Since I don’t know what the hell I’m doing, my cooking attempts are traumatic experiences in experimentation, frequently with dire results such as godawful messes from spilled pots and moments of terror from stovetop grease fires. Not to mention inedible food.
I’m not a complete dunce. I do know how to make basic meals, like bacon and eggs, grilled steak and tomatoes, spaghetti and a few others. But my linguine and clam sauce was seriously unsuccessful.
MYSTERY OF THE SPICE RACK
Yesterday I made a big pot of chili with ground beef, onion, canned tomatoes and red kidney beans — a fairly easy meal but uncharted territory for me. I added the mandatory packet of McCormick’s chili seasoning mix, and salt and pepper, but the chili still turned out bland. Next time I will add other ingredients to spice it up.
My wife’s spice rack is still in the kitchen and full of wonderfully mysterious ingredients, from which she knew precisely which ones to use for each dish. I don’t know basil from rosemary (I did know a Rosemary once but that’s another story).
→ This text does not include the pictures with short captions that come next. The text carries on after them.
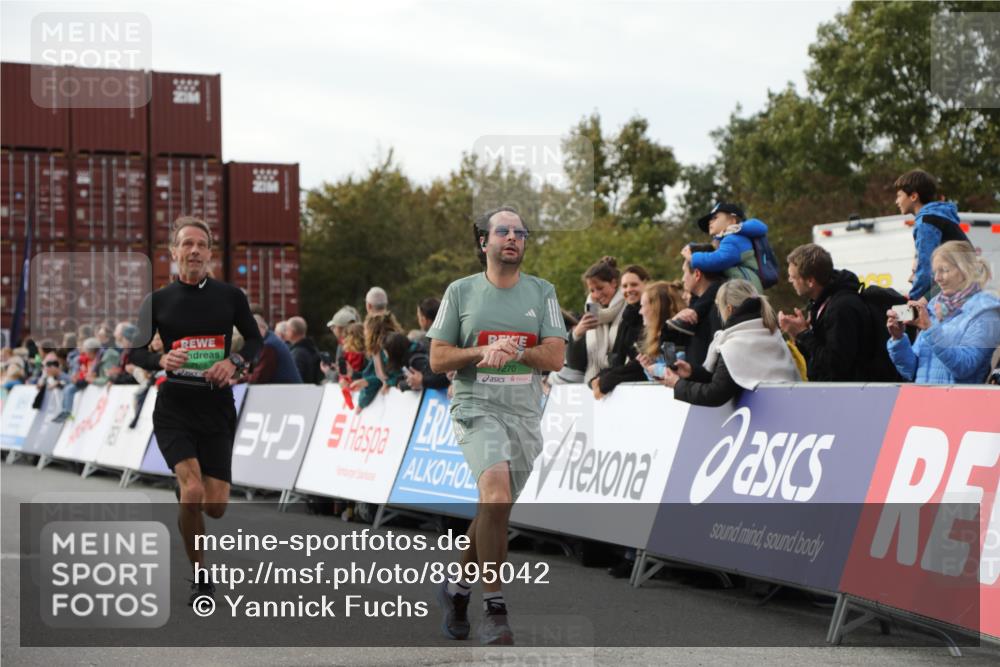 03.10.2025 - Köhlbrandbrückenlauf Yannick Fuchs http://msf.ph/oto/8995042 03.10.2025 16:05:00 Ziel 7168, 7221, 7239, 7270, 7428, 7448, 7772, 8779, 9191, 9584 meine-sportfotos.de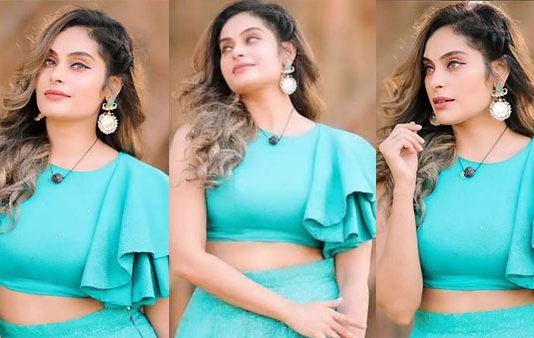 புடவையில் இடையழகை காட்டி ஆளை மயக்கும் ஸ்ருதிகாவின் ஹாட் போட்டோஸ்!!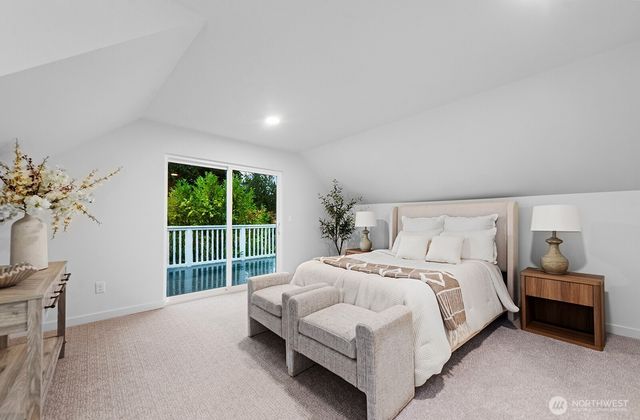 10813 24th Avenue NE, Seattle, WA 98125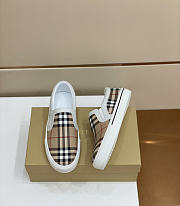 Burberry Sneaker 0599 - 6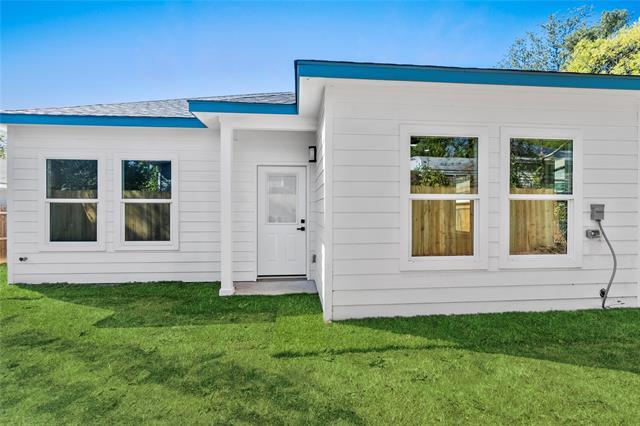 Building Photo - 2724 Swanson St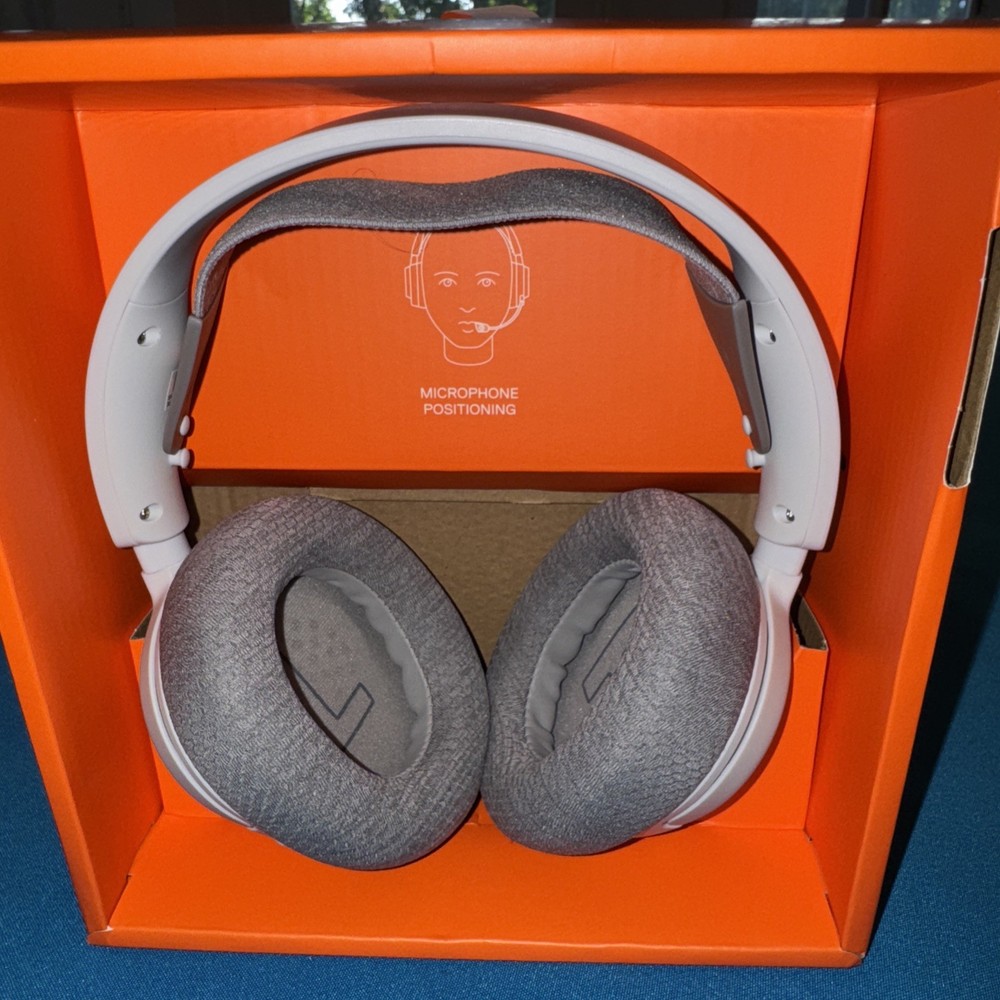 SteelSeries Arctis Nova 1 Gaming Head Set Gray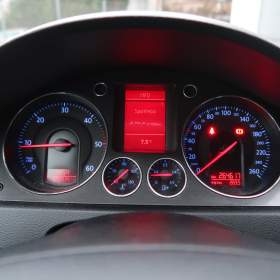 Foto inzerátu Volkswagen Passat 2.0 TDI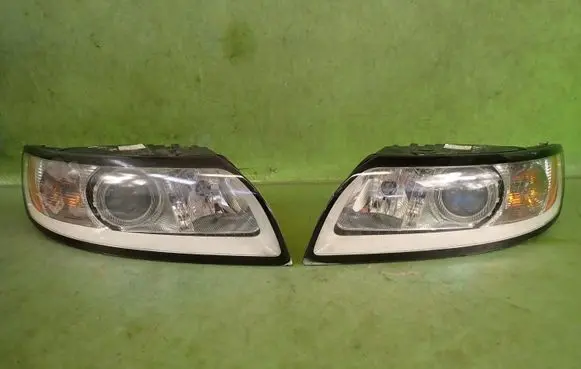 Volvo S40, V40 Headlights/headlamps set 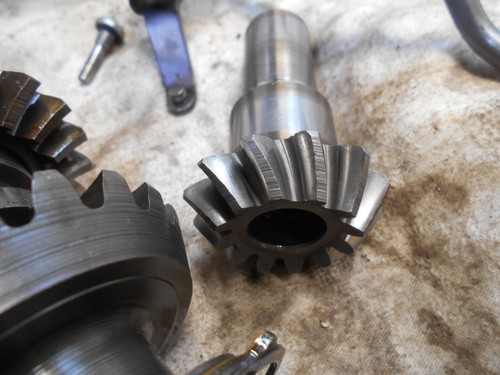 Johnson 35 HP RD-19 Seahorse 57 Outboard OMC Lower Unit Gear Shaft Bearing Shift - Picture 5 of 6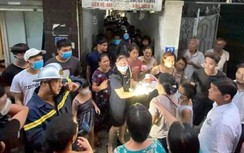 Khen thưởng 5 công dân giải cứu bé sơ sinh bị vứt kẹt giữa khe tường nhà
One day I will write my own version of that wonderful book ‘The Joy of Cooking’ — my wife’s Bible in the kitchen. When I first set out on this treacherous road, I would have called my version ‘The Hell of Cooking.’
But now, as I boldly continue down this road, such a title would not apply. I have found that this cooking racket is good for the soul, especially in this age of isolation. And since I often invoke God’s name — as in, Oh, God, I hope this turns out all right — I’ll call it ‘Sous-chef to God.’